In any event, I blew the two 40A fuses, the 10A radio fuse, and a single 15A that wasn't listed as belonging to anything (very odd). I replaced those five fuses and then we headed out to the beach to camp. Later in the evening I noticed that the thermostat wasn't getting the necessary 12V. I checked the fuse and it looked fine, so we just toughed it out and stayed as warm as we could last night. We came home today since the kids didn't sleep well and I wanted to troubleshoot. I cross checked the red to blue and green to blue wires on the thermostat and each was showing 12v, so I guessed it was possibly the thermostat fuse despite the fact that it looked good.
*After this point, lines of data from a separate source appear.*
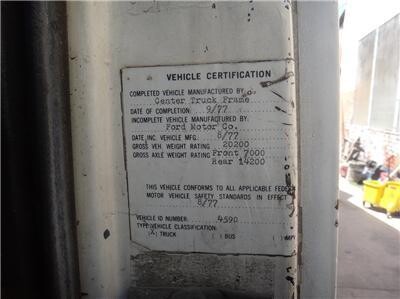 1977-ford-600-dump-truck-big-5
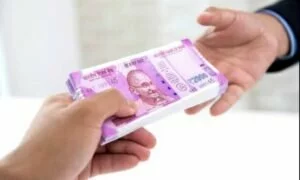 Pension Scheme: शादीशुदा लोगों को मिल सकते हैं हर महीने पांच हजार रुपये तक, जानिए कैसे उठा सकते हैं स्कीम का लाभ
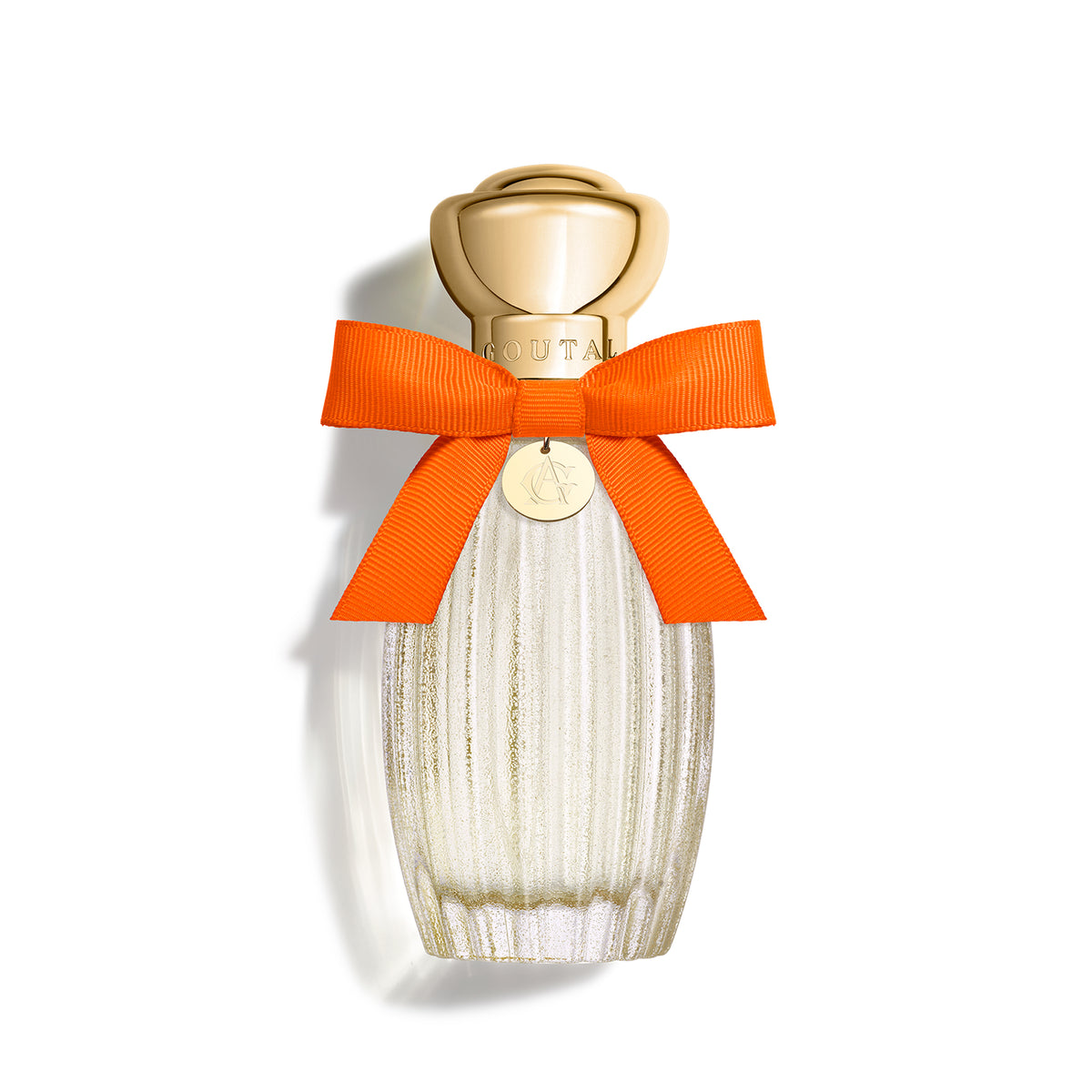 GOUTAL（グタール） | 40 years of emotions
On the way to put the unit back in storage, we picked up a 2A fuse and low and behold the thermostat fired right up.

The problem now is that the water heater isn't igniting when in gas mode and it simply won't start at all in electric mode. I can't figure out what the problem is there and don't know where to start. We've scheduled an appt. at Camping World for next week, but if I can fix this myself I'd rather avoid the hassle.

Does anyone have any suggestions on what might be the problem?

Thanks!


----------



## Leedek

Hey Cotay - Water heaters can be a pain. My bet is you have critters in the main burner orifice. Check page five of the manual here: Atwood H2O Heaters

Your electric problem may be the on/off switch on the heater. The switch is located behind the heater door on the outside the trailer. I have forgotten that switch more than once. Good luck.

NOTE: Your question kind of got lost in the weeds being posted on an old two page post.


----------